If you, like me, are always itching to take a peek into someone's fridge and pantry just to know how they cook and eat on a daily basis, then boy do I have a treat for you! This new series, 'In the Kitchen with...', will let you step into the kitchens of different food personalities all over the world and give you a behind-the-scenes view on what goes on around their stove. For more posts in this series click here...

Our guest today is the lovely writing coach and author, Dianne Jacob. Dianne coaches food writers and bloggers on getting a cookbook published and improving the quality and effectiveness of their writing. She is the author of a multiple award-winning book on food writing, Will Write for Food: The Complete Guide to Writing Cookbooks, Blogs, Memoir, Recipes and More. Previously a newspaper, magazine and publishing company editor-in-chief, she has a blog and free newsletter aimed at food writers and bloggers.
Without further ado, let's quiz her on her kitchen habits.
1. What did you eat for lunch today?
Mulligatawny Soup; eggs with asparagus, chorizo and croutons; half an apple; 1 chocolate-covered almond.
2. What kind of food do you most enjoy cooking?
Vegetable soups.
3. 3 things we can always find in your fridge…
Anchovy paste, tahini and whole milk.
4. Your most cherished kitchen tool?
My mother’s stone Mortar and Pestle.
5. The last cookbook you enjoyed?
Beyond the North Wind, by Darra Goldstein.
6. Where does your love for food come from?
My parents.

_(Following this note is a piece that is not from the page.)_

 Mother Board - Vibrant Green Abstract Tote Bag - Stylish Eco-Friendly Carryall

My mother cooked and baked almost every day. My father made his own leban, brined cheese and pickles.
7. What was the last meal you cooked? How long did it take you from start to finish?

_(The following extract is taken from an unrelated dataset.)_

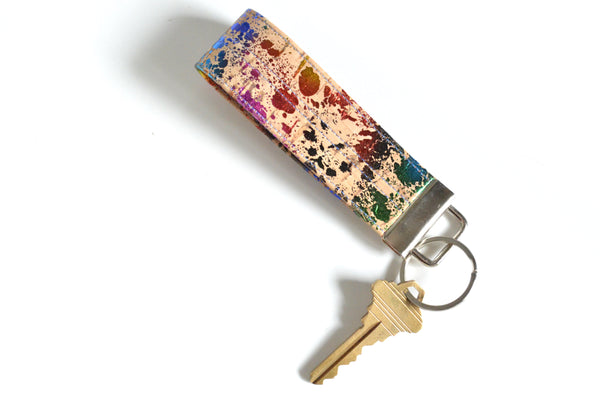 Metallic Rainbow Cork Leather Keychain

Fish with roasted vegetables and steamed artichokes. It took 40 minutes.
8. What is your guilty food pleasure?
Candy, especially liquorice and gummy candies.
9. What, according to you, is the ONE dish that everyone must try at least once?
Grilled hamachi collar.
10. If you could choose 5 people (dead or alive) to invite to your dinner party, who would they be? What would your menu look like?
My parents, sister, a dear cousin, and an aunt and uncle. All but my sister are deceased. We would dine on my mother’s cooking: Iraqi Jewish, and Iraqi Jewish Bombay dishes.